Carter y Carnarvon nunca pasaron más allá del simple amor-odio que conlleva cualquier trato profesional. Por otra parte, el carácter de Carter tampoco daba para más. Sin embargo, cuentan las lenguas viperinas del cotilleo y del vaudeville arqueológico, que poco antes de la muerte de Carnarvon, fallecido en 1923, sus relaciones se vieron un tanto forzadas por el continuo acercamiento entre Carter y la hija de su mecenas, Lady Evelyn Herbert. Esta relación, que según Carnarvon era de «algo más que amigos», no debió de agradar mucho al Lord inglés. Sin embargo, sabemos que la repentina muerte de éste, cuando empezaban a disfrutar las mieles del éxito, afectó profundamente a Carter, dedicándole el fruto de su trabajo en sucesivas publicaciones.
La misteriosa inscripción desaparecida
Resulta inevitable hablar de la leyenda de la maldición toda vez que se menciona el nombre de Tutankhamón (ver «Misterios de la Arqueología y del Pasado» nº1).
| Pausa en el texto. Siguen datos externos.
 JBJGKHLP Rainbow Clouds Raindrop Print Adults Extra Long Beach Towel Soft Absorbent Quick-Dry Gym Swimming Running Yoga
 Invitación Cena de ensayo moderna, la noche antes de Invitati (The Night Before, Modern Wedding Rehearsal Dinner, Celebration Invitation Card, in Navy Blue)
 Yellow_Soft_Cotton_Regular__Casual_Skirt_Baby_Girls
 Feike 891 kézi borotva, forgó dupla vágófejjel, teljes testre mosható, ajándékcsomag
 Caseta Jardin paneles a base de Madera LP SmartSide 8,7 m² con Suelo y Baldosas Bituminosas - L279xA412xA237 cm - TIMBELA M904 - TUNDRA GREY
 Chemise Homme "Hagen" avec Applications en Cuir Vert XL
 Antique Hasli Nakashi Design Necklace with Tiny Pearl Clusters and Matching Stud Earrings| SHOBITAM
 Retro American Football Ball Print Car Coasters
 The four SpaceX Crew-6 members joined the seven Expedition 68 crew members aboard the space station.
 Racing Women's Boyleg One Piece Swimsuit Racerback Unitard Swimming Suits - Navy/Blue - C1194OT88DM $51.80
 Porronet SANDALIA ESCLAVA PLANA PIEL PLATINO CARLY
Las misteriosas muertes que se sucedieron desde el momento de apertura de la tumba del Faraón Niño han otorgado un desgraciado protagonismo a tan singular descubrimiento.
La aparición de una extraña tablilla en donde se podía leer “La muerte tocará con sus alas a todo aquel que intente perturbar el sueño eterno del faraón”, que nadie ha visto nunca y de la que se dijo que el propio Carter hizo desaparecer para evitar las supersticiones de sus obreros egipcios, fue el origen de tan singular leyenda. Pero en las anotaciones de Alan Gardiner, de quien se dijo que también falleció por la maldición ¡en 1968!, no se hace ninguna mención al respecto.
Si bien es cierto que nadie puede negar la realidad del fallecimiento en circunstancias poco claras de algunos miembros del equipo de Carter o la del propio Lord Carnarvon, hay que aclarar que la gran mayoría de ellas estaban dentro de la lógica o, en su caso, nada tenían que ver con los descubridores de la tumba. Así, modernas investigaciones achacan la muerte de varios arqueólogos al poder mortífero de algunos hongos desarrollados en materiales muy antiguos.
Carter, por ejemplo, que debía ser el primero en fallecer por la entonces conocida “maldición de Osiris”, lo hizo quince años después del descubrimiento. Carnarvon, al igual que Callender, ya estaba enfermo cuando comenzaron las investigaciones. En ocasiones, la muerte de familiares de los miembros del equipo se relacionó, sin ningún sentido, con la maldición.